The input ▸
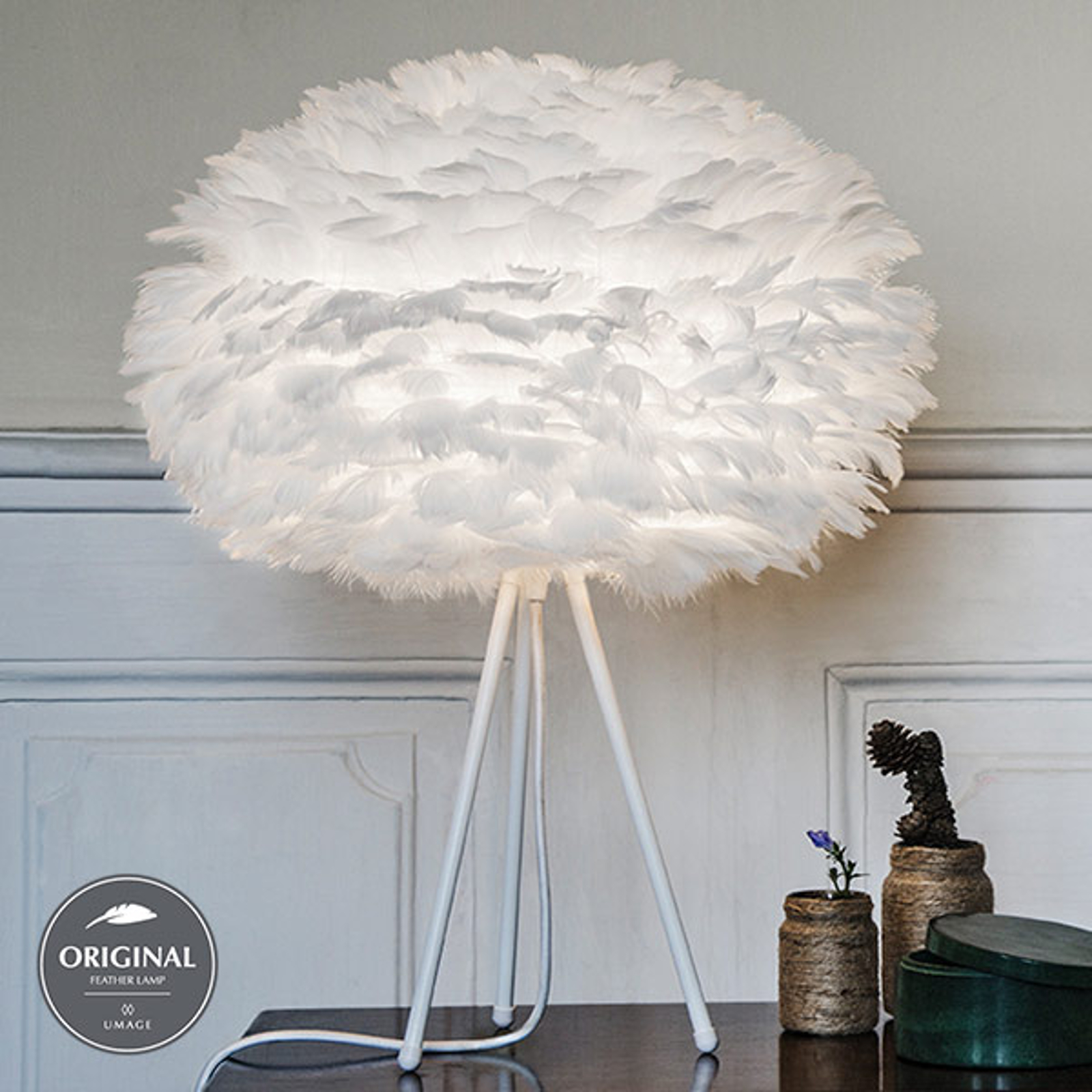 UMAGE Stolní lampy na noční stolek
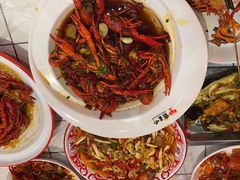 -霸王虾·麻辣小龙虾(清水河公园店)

---

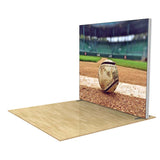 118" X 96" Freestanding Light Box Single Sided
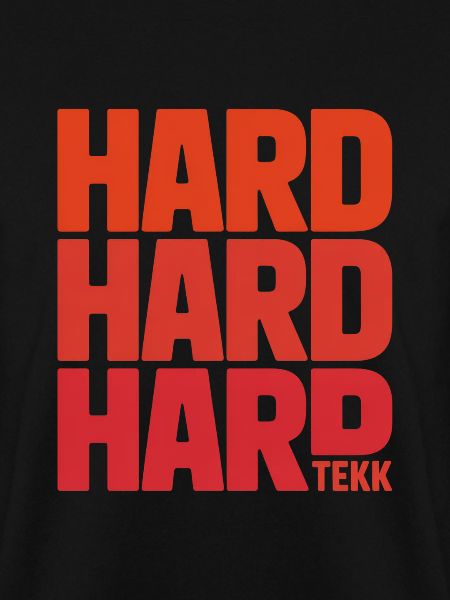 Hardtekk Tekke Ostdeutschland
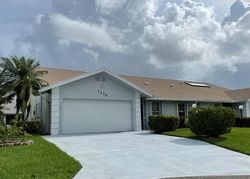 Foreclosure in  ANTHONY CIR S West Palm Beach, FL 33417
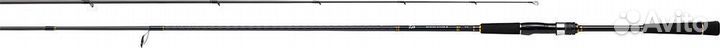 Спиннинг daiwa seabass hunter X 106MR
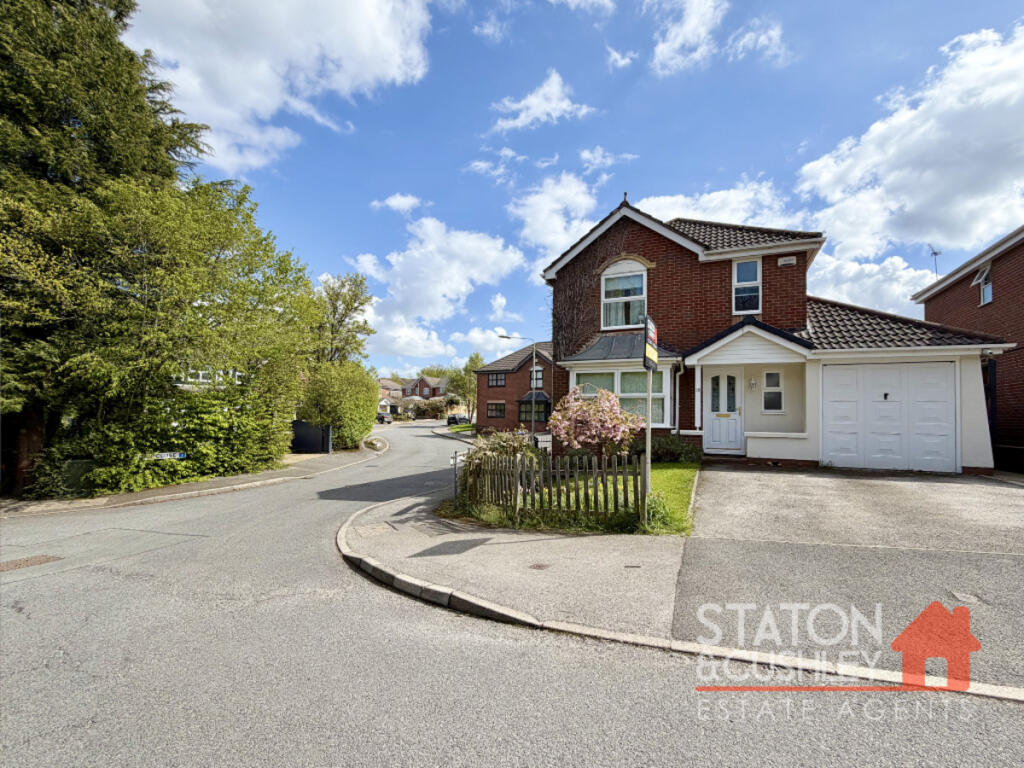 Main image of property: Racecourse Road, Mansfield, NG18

Task description ▸ Everything from the line with "Beach, FL 33417" down to the line with "Main image of" in the data above should be copied exactly, with both end lines kept and the pictures left out.

Your solution ▸
 Foreclosure in  ANTHONY CIR S West Palm Beach, FL 33417
 Спиннинг daiwa seabass hunter X 106MR
 Main image of property: Racecourse Road, Mansfield, NG18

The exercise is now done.